--- START ---

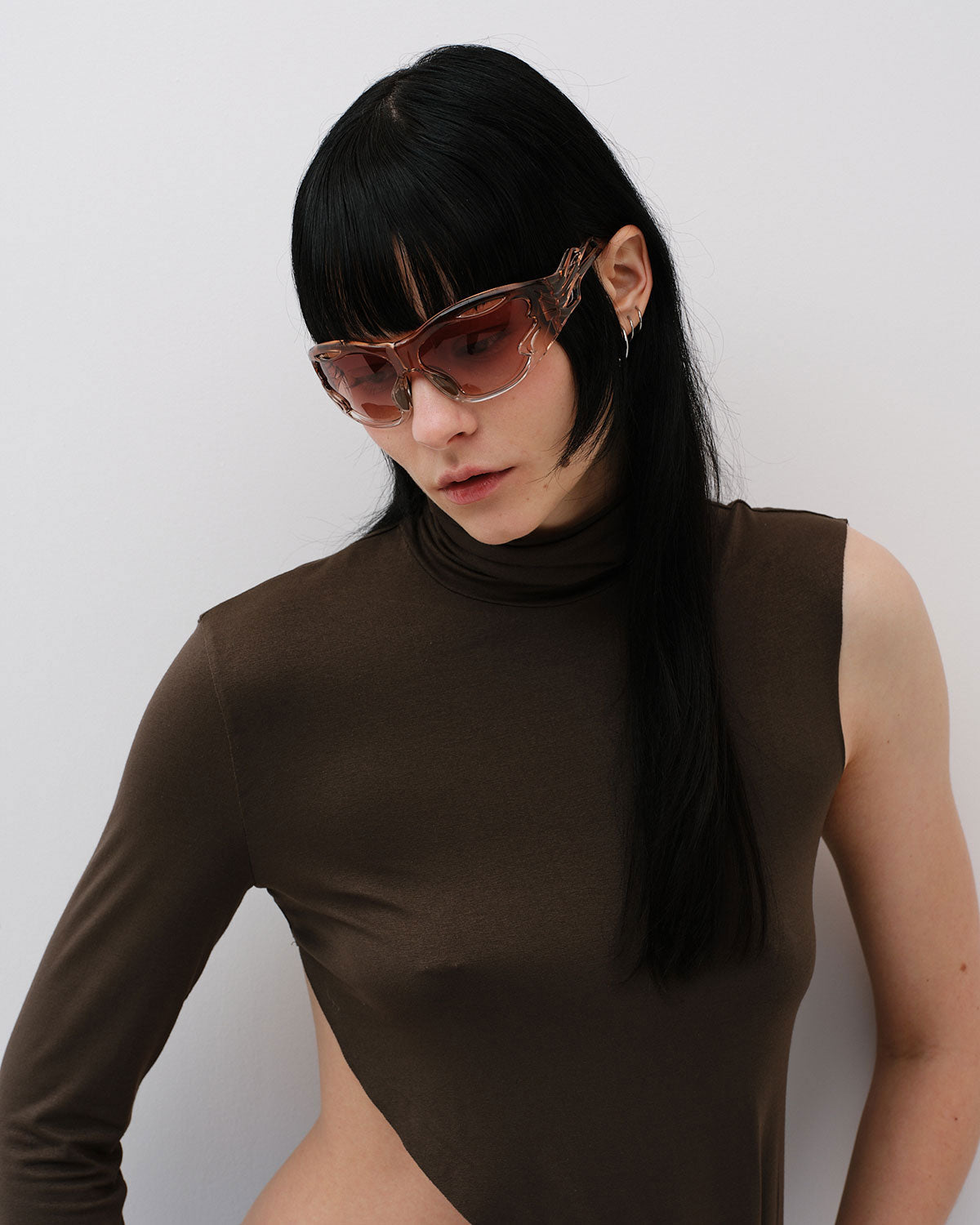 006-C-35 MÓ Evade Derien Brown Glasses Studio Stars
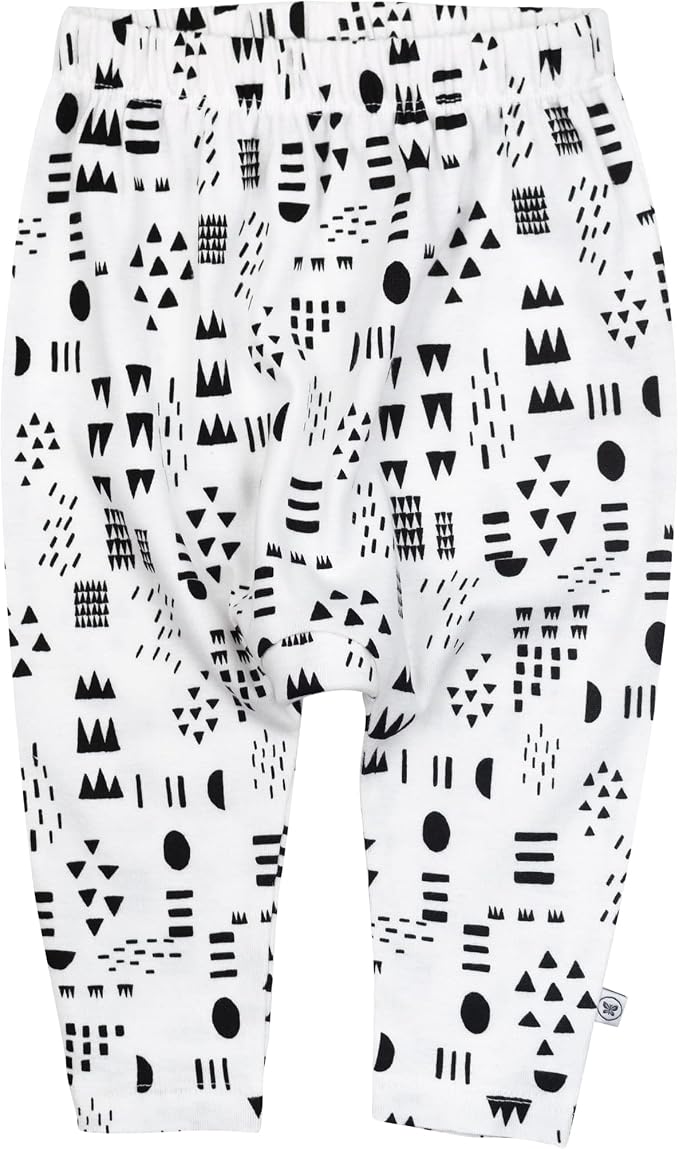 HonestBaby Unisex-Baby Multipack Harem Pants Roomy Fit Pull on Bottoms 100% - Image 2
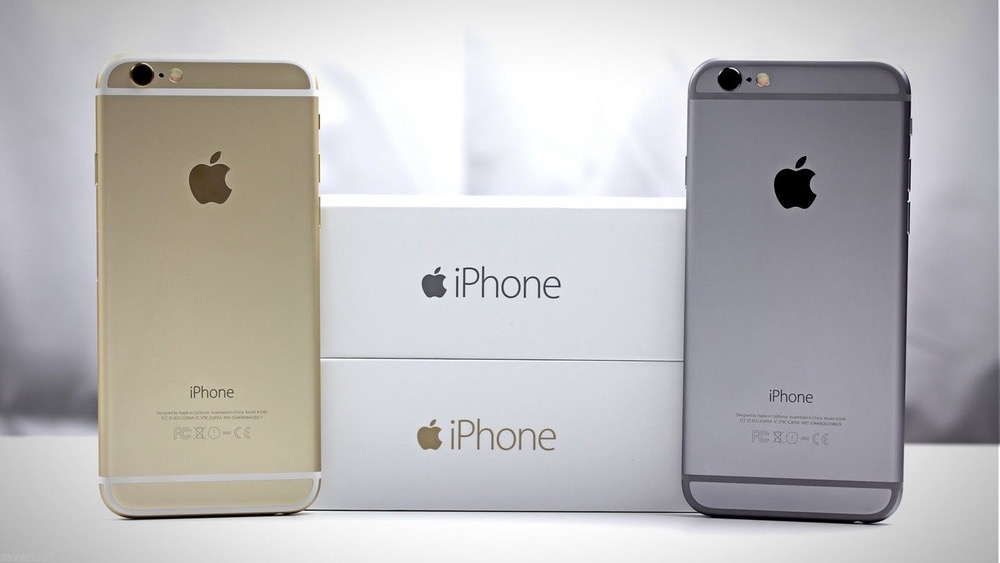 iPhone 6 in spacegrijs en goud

--- END ---

• EXERCISE AIM
Print every line above exactly as given, but not the pictures.

• REPLY TO THE EXERCISE
 006-C-35 MÓ Evade Derien Brown Glasses Studio Stars
 HonestBaby Unisex-Baby Multipack Harem Pants Roomy Fit Pull on Bottoms 100% - Image 2
 iPhone 6 in spacegrijs en goud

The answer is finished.